# Task requirements:
The entries below contain pictures. Write out only the lines from the line with "43 Southfield Rd, Baiting" up to and including the line with "3555 Old Mountain", exactly, without them.
++++ Records for processing
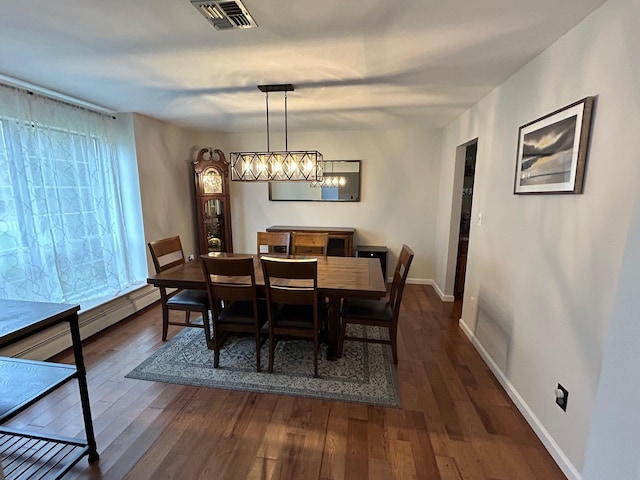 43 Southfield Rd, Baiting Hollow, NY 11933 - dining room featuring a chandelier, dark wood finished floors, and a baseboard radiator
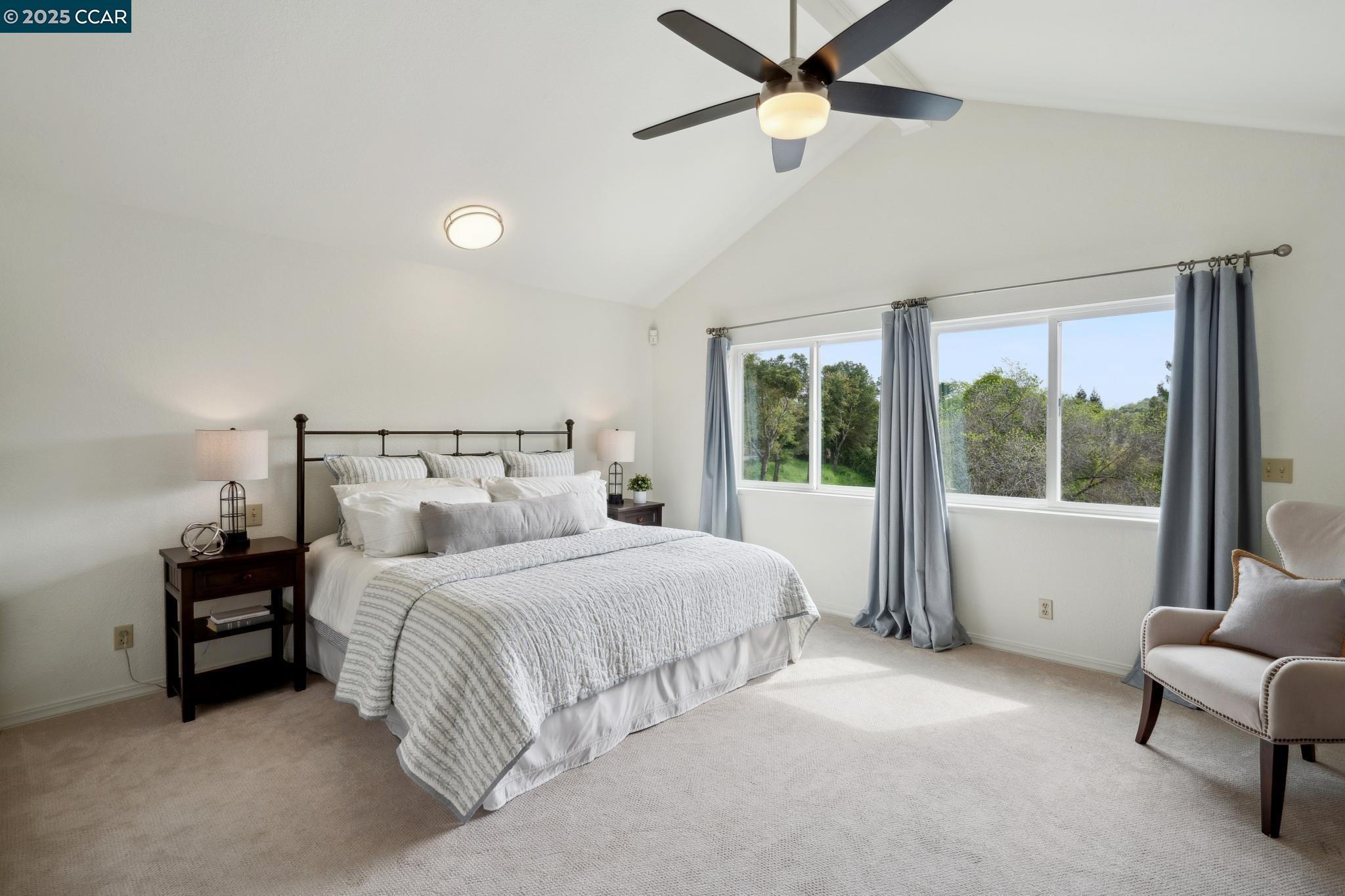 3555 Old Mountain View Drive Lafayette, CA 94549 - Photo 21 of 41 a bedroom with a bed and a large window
++++++++
++++ Records for processing
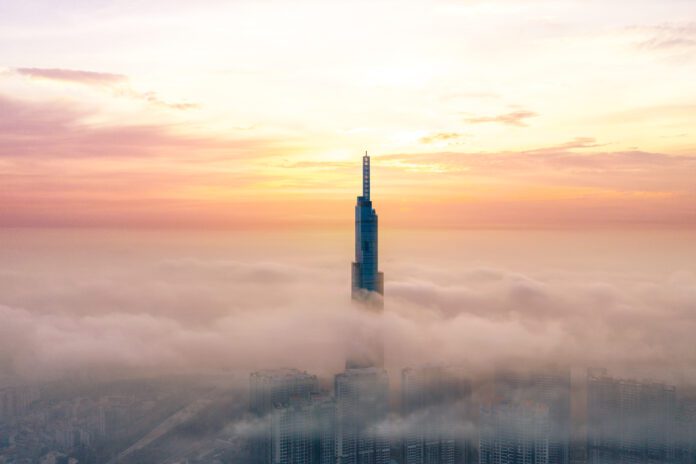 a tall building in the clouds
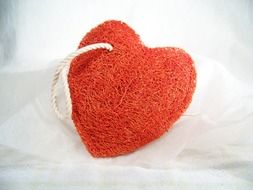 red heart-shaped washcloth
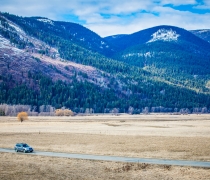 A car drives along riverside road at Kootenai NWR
++++++++
# Solution for this exercise:
 43 Southfield Rd, Baiting Hollow, NY 11933 - dining room featuring a chandelier, dark wood finished floors, and a baseboard radiator
 3555 Old Mountain View Drive Lafayette, CA 94549 - Photo 21 of 41 a bedroom with a bed and a large window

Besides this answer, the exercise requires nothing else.